I figured if my son and a couple buddies could drive 2 1/2 hours to Columbus on Buckeye football gameday.....navigate the parking fiasco, 105000 people and traffic around the stadium....park....find their car after the game...and then make it back home that heading to a travel baseball tourney shouldn't be too much trouble.  He always did fine lol

Last edited by Buckeye 2015
NYdad2017 posted:

I'll say this much... when my son was 13, he and 3 other 13/14 year olds shared a room with 2 queen beds at an away tournament. After 3 days I stopped by the room with the Mom of one of the other kids. I peeked in the room and all I can say is... "the horror. The horror."

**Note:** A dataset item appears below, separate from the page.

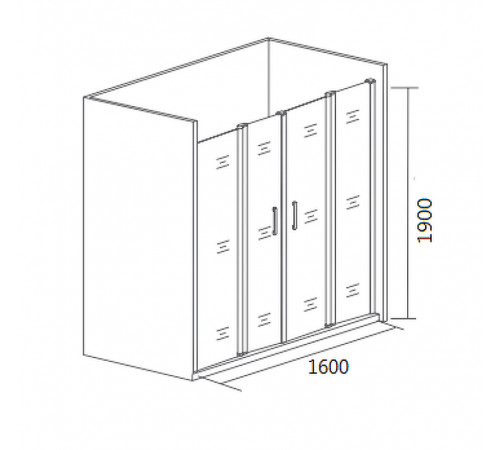 Душевая дверь Good Door Cofe WTW-TD-160-C-B 160 КФ00015 профиль Черный стекло прозрачное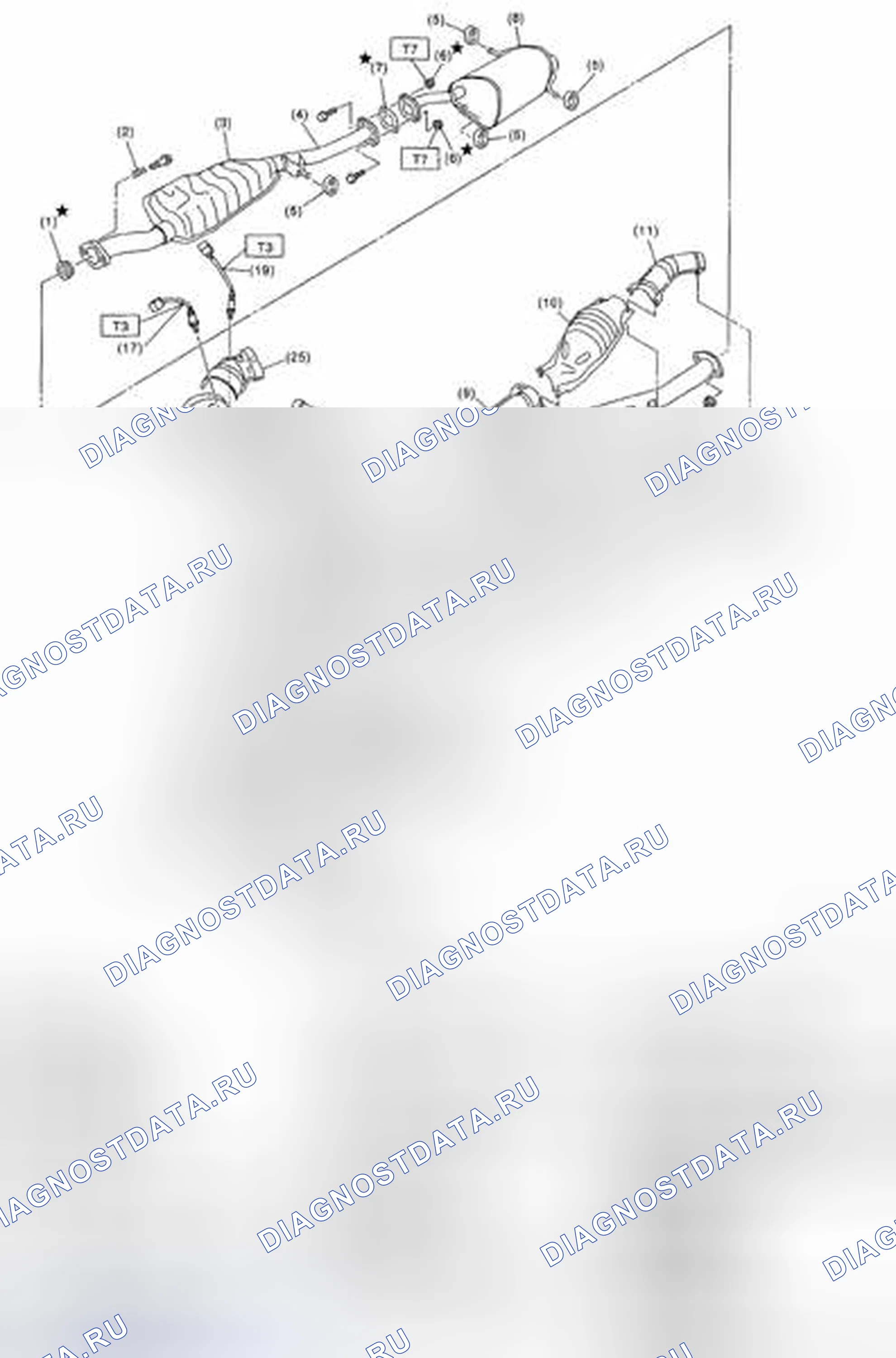 Рис. 3: Идентификация компонентов выхлопной системы. Subaru Impreza GD/GC/GG рестайлинг 2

BAHAHAHAHAHAHAHA!!!! I can only imagine!

We've sent our son with other families when one of us hasn't been able to make it -- or when we had to come a day or two later, but haven't yet sent him on his own for out of town.  There has to be some adult supervision before 17-18 years old and coaches usually don't like to be the babysitter. Not sure how they get around in a town they're flying to without parents around to get them to/from the ballpark. 

Iowamom23 posted:

Wow. My son will be 18 in a few weeks. Having a lot of debate about letting him go to an out of state tournament in October without a parent or other adult along. We're arranging for a friend to go with him to an in state tournament in a couple of weeks. In large part, I want him to have family to share the experience with and honestly, never occurred to me to let him fly off on his own.

Sent you a PM, Iowamom

We went to every game and trip until he was 17u. (It goes fast and we couldn't bear to miss watching him play). Then at 17u he lived with a host family for 8 weeks in the summer. The organization arranged transportation and hotels for all events. The coaches provided team supervision including curfews and hotel rules with consequences. We did allow him to fly on his own to WWBA underclass as a 16 year old. Met him there. 

It does go by so fast. Go to as many games as you can!

This depends on the team and how well you know the parents.  Beginning at 10u, we sent our boy with other parents when we had conflicts that kept us away.  Really a personal question - team and the boy.  Same on flying alone.  Our kids fly internationally alone beginning at 15, but I could see others not doing so.